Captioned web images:
#####

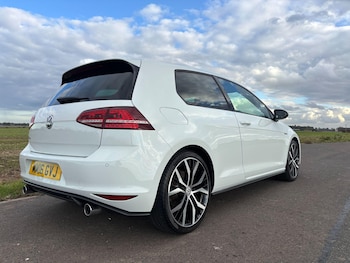 Used Volkswagen Golf 2016 for sale - 76398000: Photo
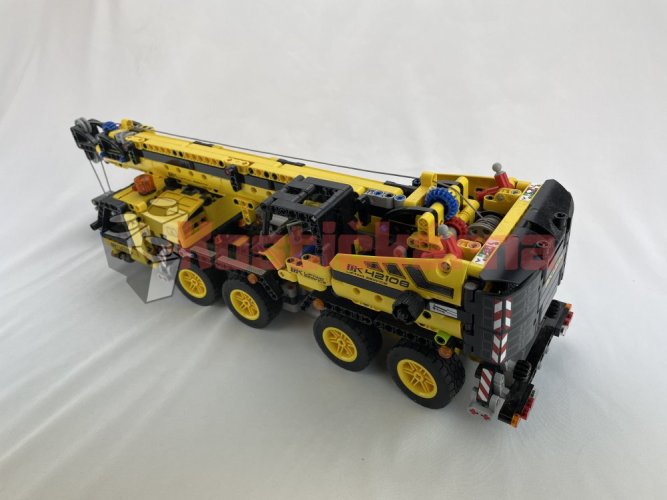 Lego Mobile Crane (42108)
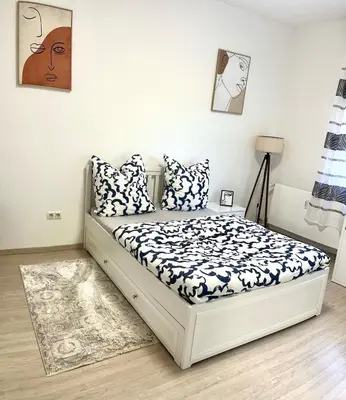 Ein Bett oder Betten in einem Zimmer der Unterkunft Schönes Zimmer in einer 3er WG-Wohnung geeignet für einen Mann shared apartment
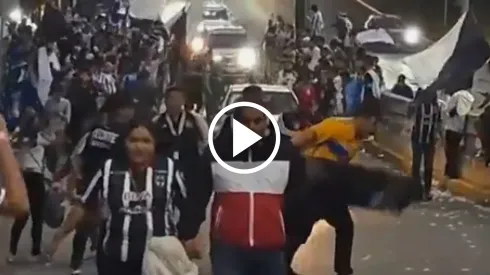 ¡Lamentable! Aficionado de Rayados agrede a otro de Tigres UANL antes del Clásico Regio 139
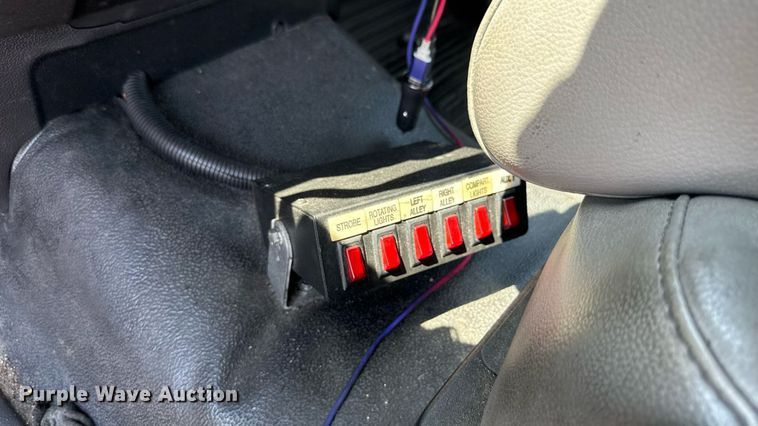 image for item EU2074 2017 Ford F350 Super Duty  utility bed pickup truck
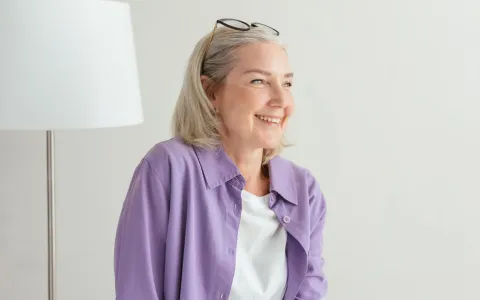 Trockenheitsgefühl in der Menopause: Pflegende Feuchtigkeitscremes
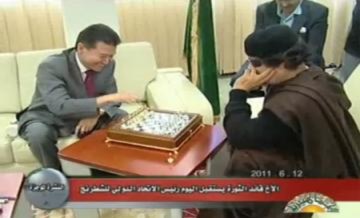 Gadhafi đấu cờ với chủ tịch liên đoàn cờ vua thế giới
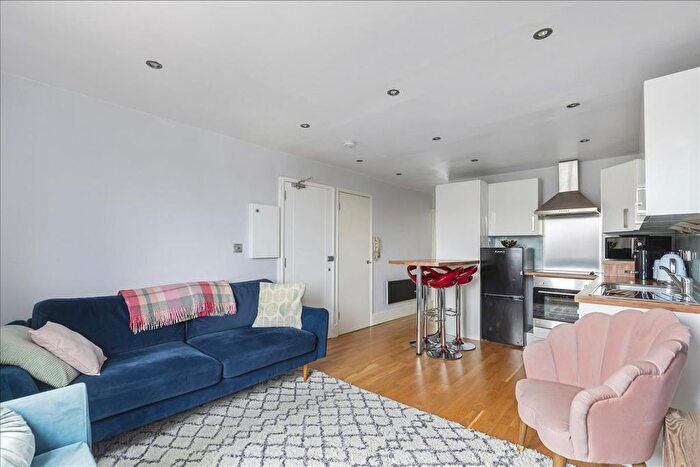 2 Bedroom Flat For Sale In Greyhound Road, Hammersmith, London, W6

#####

— TASK INSTRUCTIONS —
From the entries above, write out every line without a single change, skipping the images.

— SOLVED PROBLEM —
 Used Volkswagen Golf 2016 for sale - 76398000: Photo
 Lego Mobile Crane (42108)
 Ein Bett oder Betten in einem Zimmer der Unterkunft Schönes Zimmer in einer 3er WG-Wohnung geeignet für einen Mann shared apartment
 ¡Lamentable! Aficionado de Rayados agrede a otro de Tigres UANL antes del Clásico Regio 139
 image for item EU2074 2017 Ford F350 Super Duty  utility bed pickup truck
 Trockenheitsgefühl in der Menopause: Pflegende Feuchtigkeitscremes
 Gadhafi đấu cờ với chủ tịch liên đoàn cờ vua thế giới
 2 Bedroom Flat For Sale In Greyhound Road, Hammersmith, London, W6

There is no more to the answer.